Wallace had been discharged from the U.S. Army and in 1946 was in Stockholm as a freelance writer; meeting people, gathering information, and keeping an eye out for new stories. He met one Dr. Sven Hedin listed as one of Sweden’s twenty greatest scientists in the last three hundred years, and a writer too, among many other things. Dr. Hedin turned out a loyal and open fan of Hitler and came across to Wallace as a self-important, publicity-crazy guy, who was ‘a cobweb of prejudices and misinformation and intolerance on many subjects from the sciences to the arts” as also ‘ill-informed”. And in the midst of their rendezvous, Dr. Hedin made a stunning revelation: he was a Nobel Prize judge, and on three committees.
Wallace found that Dr Hedin had been elected to the Royal Swedish Academy in 1913 and had been one of the eighteen judges to vote on the yearly Nobel Prize for literature, and had been on the committees for physics and chemistry before that. He told Wallace, how, in 1938, Pearl S Buck’s name had been opposed by ten of the judges, but had won the Nobel by his vociferous support. (He added that Pearl S Buck and her husband had been his publishers.)
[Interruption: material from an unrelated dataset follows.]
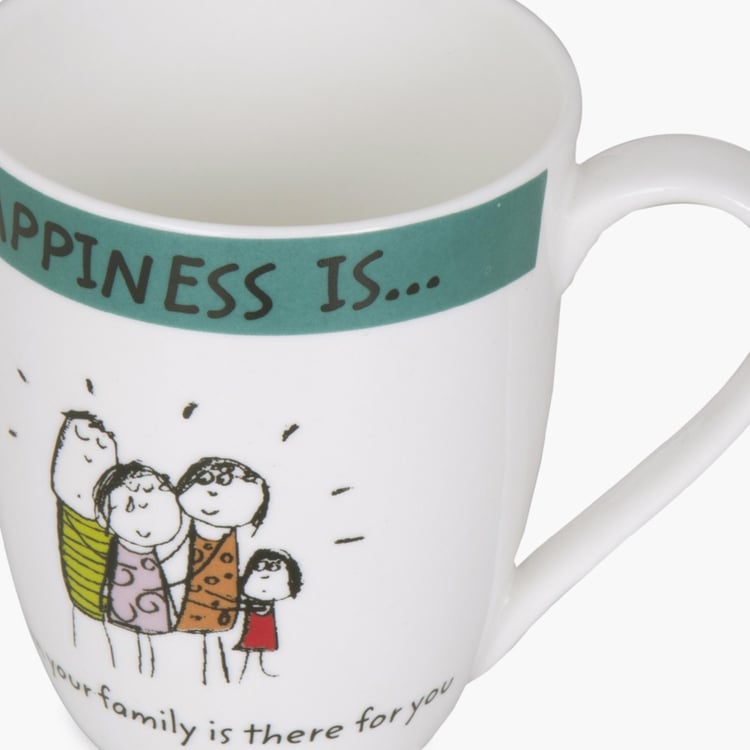 DORIS-HAPPINESS Printed Bone China Coffee Mug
Other things he revealed casually were why important writers didn’t win. Maxim Gorki: “He died too soon. His name came up several times, he would have got it eventually”. Somerset Maugham: “Too popular and undistinguished”. And to James Joyce’s name, he responded, “Who is he?”
Dr.Hedin’s revelations further documented in the book mentions how personal prejudices of a single judge, Dr. Carl David af Wirsen, worked against genuinely deserving writers and they never ever got the Nobel. Wirsen resented Tolstoy “for advocating anarchism and for denouncing all money prizes as harmful to artists.” Ibsen was rejected for “not having written anything worthy in eleven years”. Wirsen also led the decision against Strindberg, damning the latter’s works as ‘old-fashioned’ and reminding the others how Strindberg had once announced that he would accept only the anti-Nobel Prize. Wirsen’s colleagues also resented Tolstoy for being a Russian.
Then there was D’Annunzio who lost his Nobel because of his ‘flagrant immorality’; and Gide’s prize was delayed many years because of his homosexuality. Dr Hedin also mentioned how a judge, Hjalmar Gullberg, in 1945 would bypass Hesse, Romains, Croce and Sandburg, among others to confer the prize on Gabriela Mistral, because he loved her verse and translated it into Swedish to convince the judges single-handedly. Of course, Dr Hedin must have been on the committee when Tagore won it in 1913, that’s a grace mark in his favour.
And in non-Literature awards, anti-Semitism on part of a judge delayed the prize for Einstein. Einstien’s Theory of Relativity was reported by a judge, a German scientist Dr. Philipp Lenard, as ‘unproved and valueless’ and so Einstein would be conferred the Nobel for his work on the photoelectric effect only later, in 1926. I am sure there are more skeletons in the cupboard, but I stopped reading the gossip with Wallace’s book.
The Writing of One Novel was published in 1971, and is still in circulation. It exposes some of what may happen behind the closed doors of a prize which is looked upon by the world as judged by the Gods on Mount Olympus. And the Nobel Prize for Literature has not been without its controversies. But considering the huge task at hand, where the oeuvre of multiple writers in several languages is being evaluated, elimination could be one way to a decision, rather than selection.
And I would not envy a Nobel Prize judge.